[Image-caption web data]
== == ==

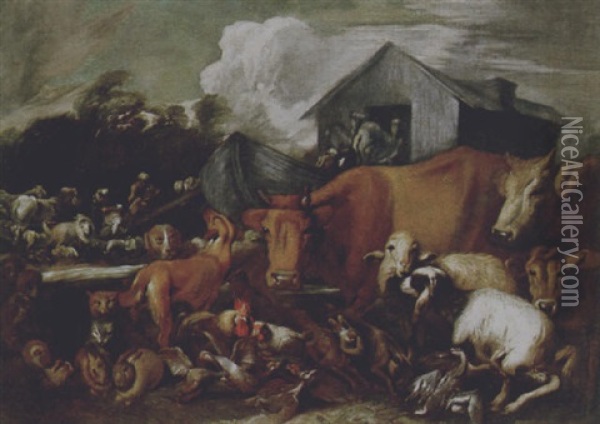 Noah's Ark Oil Painting - Giovanni Benedetto Castiglione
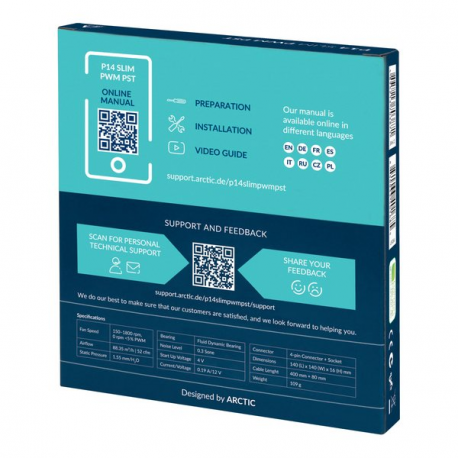 ARCTIC P14 - Case fan - slim - 140 mm - 5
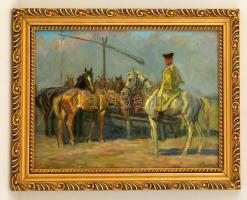 Kolozsváry Kamilló (1936 - 2008): Csíkós a méneskútnál. Olaj, farost, jelzett, keretben, 34×42 cm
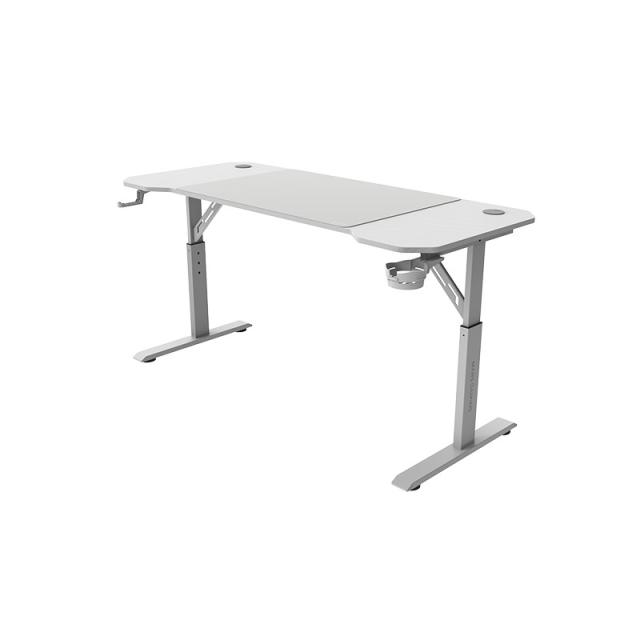 Mars Gaming - MGD-ERGO140, Mesa Altura Ajustable 3 Posiciones, Superficie Ergonómica, Estructura Metálica, Alfombr - MGDERGO140W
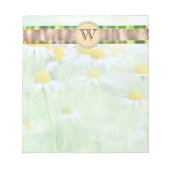 White Daisy's in Green Meadow Monogram Notitieblok (Voorkant)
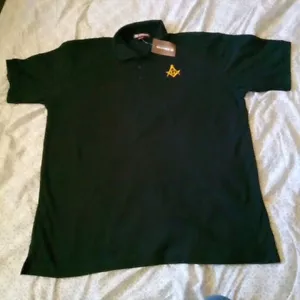 Nwt Harriton Black Golf Polo Freemason Short Sleeve New Mens 2XL - Picture 1 of 4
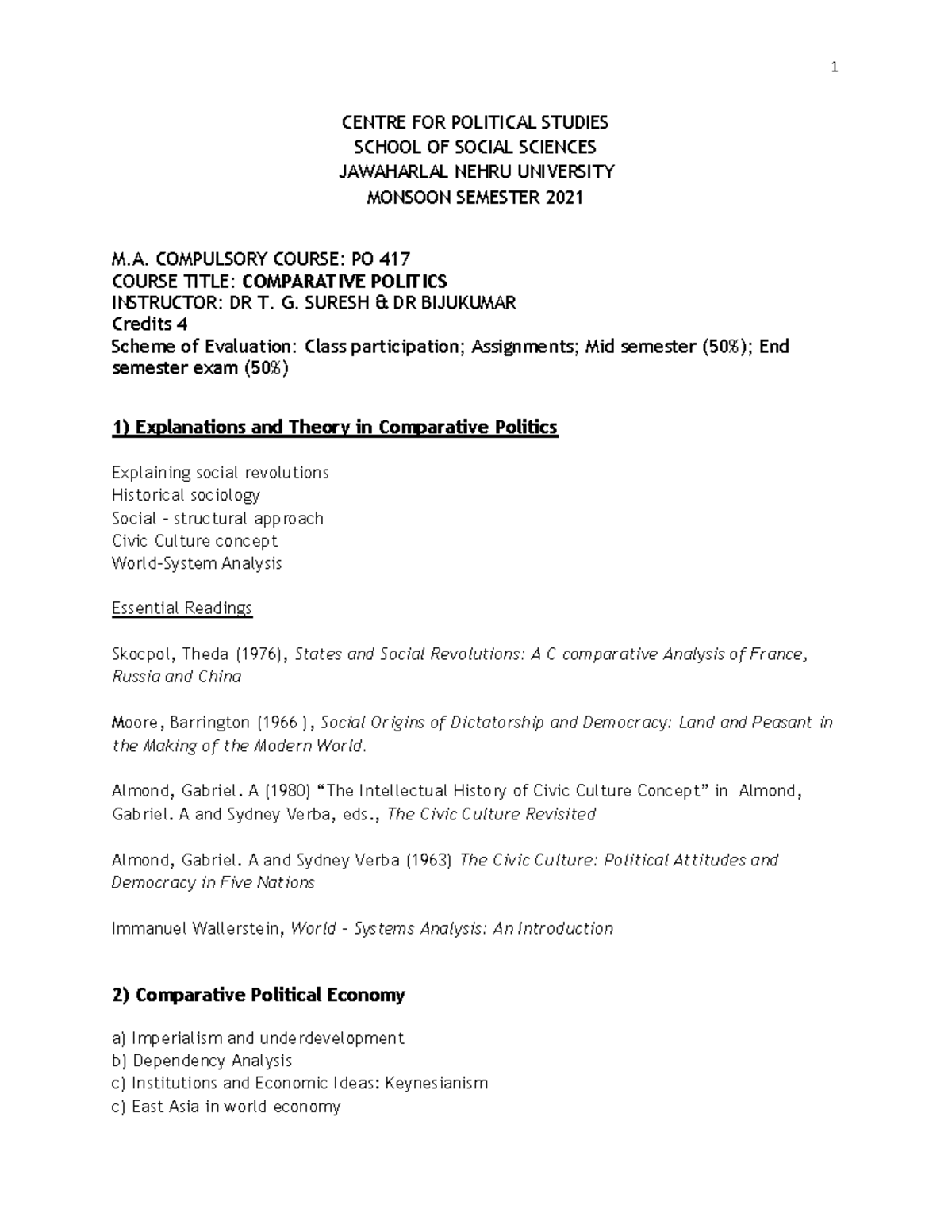 PO 417N - Comparative Politics: Key Concepts & Readings Overview - Studocu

== == ==

> Required action
From the line containing "Nwt Harriton Black" through the last line of the records above, reproduce every line exactly, leaving out the pictures.

> Finished exercise
 Nwt Harriton Black Golf Polo Freemason Short Sleeve New Mens 2XL - Picture 1 of 4
 PO 417N - Comparative Politics: Key Concepts & Readings Overview - Studocu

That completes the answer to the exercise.